3. Claim failures are spec failures, not test failures
When Hegel shrinks to a counterexample, your first instinct should not be "what's wrong with my test." It should be "what's wrong with my claim." Usually the claim was missing a precondition that the filter just revealed, or was a statistical claim encoded as a universal. Fix the claim, not the test. The test was doing its job. And: keep the falsified artifact — mark it #[ignore] with the shrunk counterexample in the test body, rather than deleting it. The re-encoded version sits beside the original, and the lesson is preserved.
4. Scale reveals claims
Toy-scale tests at N=8 can pass for claims that break at N=32. N=32 can pass for claims that break at N=256. Scale is a specification-tightening tool. Don't stop at the first N where the test passes — push until you find where the claim actually lives.
5. Composition is where architecture hides
Individual primitive tests corroborate primitives. Composition tests validate architectures. The most interesting bugs live in composition — places where the paper's prose chains primitives together implicitly, and the filter reveals that the connection requires an ingredient the prose didn't name. In this experiment, every one of the six structural ingredients came from a composition test, not a primitive test. I don't know why — it's a distribution worth noting.
Try it yourself
The project lives at hegel-as-truth-filter. Clone and run:
cargo test --release
You should see 27 passing tests and 1 ignored (the preserved falsification) in about 63 seconds. Every hypothesis card in hypotheses/ traces to a line range in research.md — the full AI-generated synthesis is in the repo, so you can audit the artifact yourself rather than take the write-up's characterization on trust. The Rust toolchain is pinned in rust-toolchain.toml for reproducibility.
To apply this method to your own research paper:
- Identify claims by line number. Not every sentence — look for theorems, proof sketches, stated results, or proposed systems.
- Classify each claim as A, B, B-stat, C, or D.
- For each, write a one-page hypothesis card with the claim, its source, and its operational property.
- Write the test. Start small. Let Hegel shrink on failures.
- When a test fails, ask what architectural precondition the claim is missing.
- Scale up. Compose. Integrate.
- When all priorities are covered, you'll have two artifacts: a working substrate of verified primitives, and a list of engineering requirements the paper didn't name.

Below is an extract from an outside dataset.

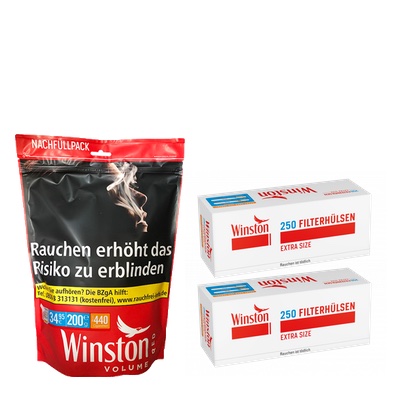 1x WINSTON Volumen Tobacco Red 160g + 500 Winston Hülsen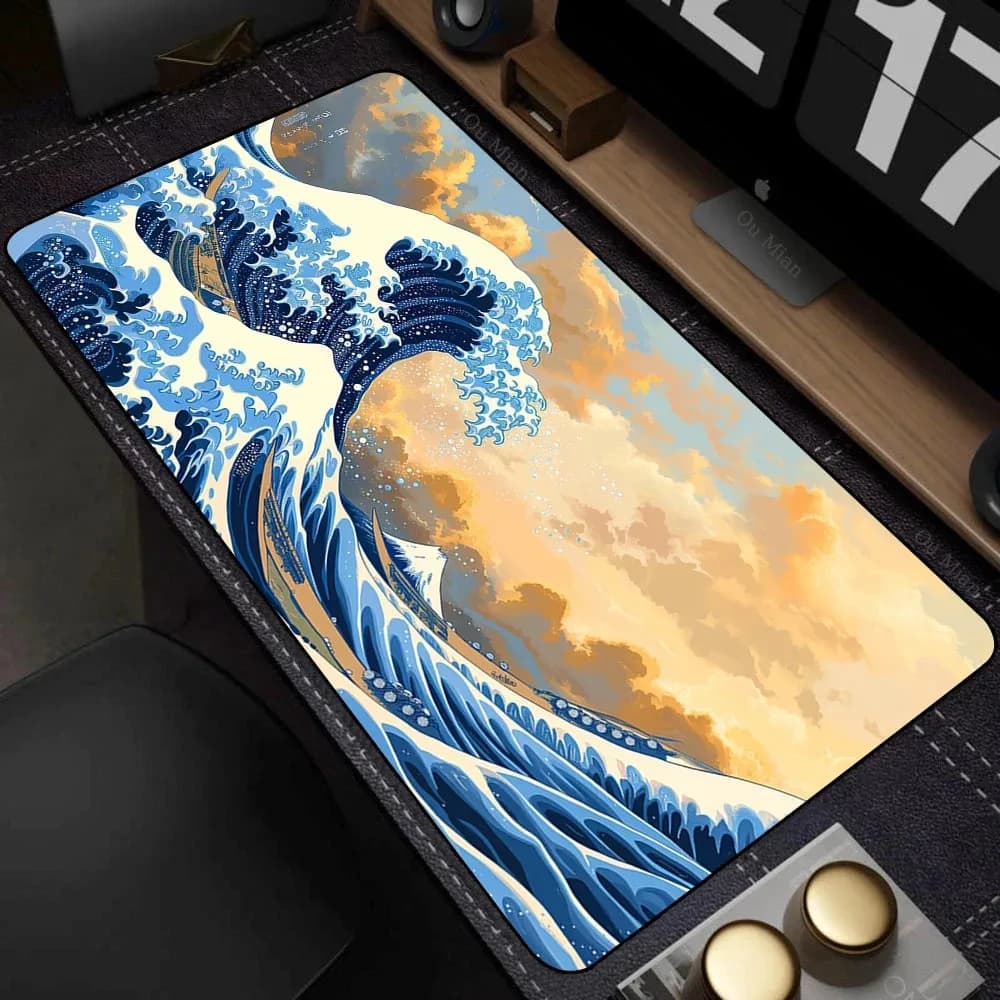 Tappetino da scrivania HD Great Wave Off Kanagawa | Tappetino per Mouse da Gaming XXL Antiscivolo per Ufficio e PC, Regalo per Giocatori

The process takes days to weeks per artifact, depending on density. It's slower than just implementing. What came out of it for me — this once — was a working substrate of verified primitives plus a short list of small structural ingredients the paper hadn't named. Whether it's worth the cost for any particular case depends on what the case is.
Claim failures are spec failures, not test failures.
Property-based testing is not a new idea. Pointing it at a specification rather than an implementation is not a new idea either — formal methods people have been doing variations of this for decades. The only thing this write-up tries to do is share the experience of trying it on an AI-generated artifact, end to end, at a scale small enough to fit on a laptop, with the results visible.
Hegel was the tool I used. Hypothesis, QuickCheck, proptest, Jepsen, TigerBeetle's DST, Antithesis — all different instantiations of the same basic idea, that a claim should survive a framework's attempt to falsify it. Any of them would have supported the same kind of experiment. I happened to pick Hegel because it's the Rust binding to the Hypothesis server, and I wanted to write the tests in Rust.
If a specification is coherent, the filter corroborates it. If it contains silent assumptions, the filter surfaces them. If it's inconsistent, the filter sometimes finds the contradiction in a minimal form. For this one artifact, it earned its keep. If you try something similar, I'd be curious what you find.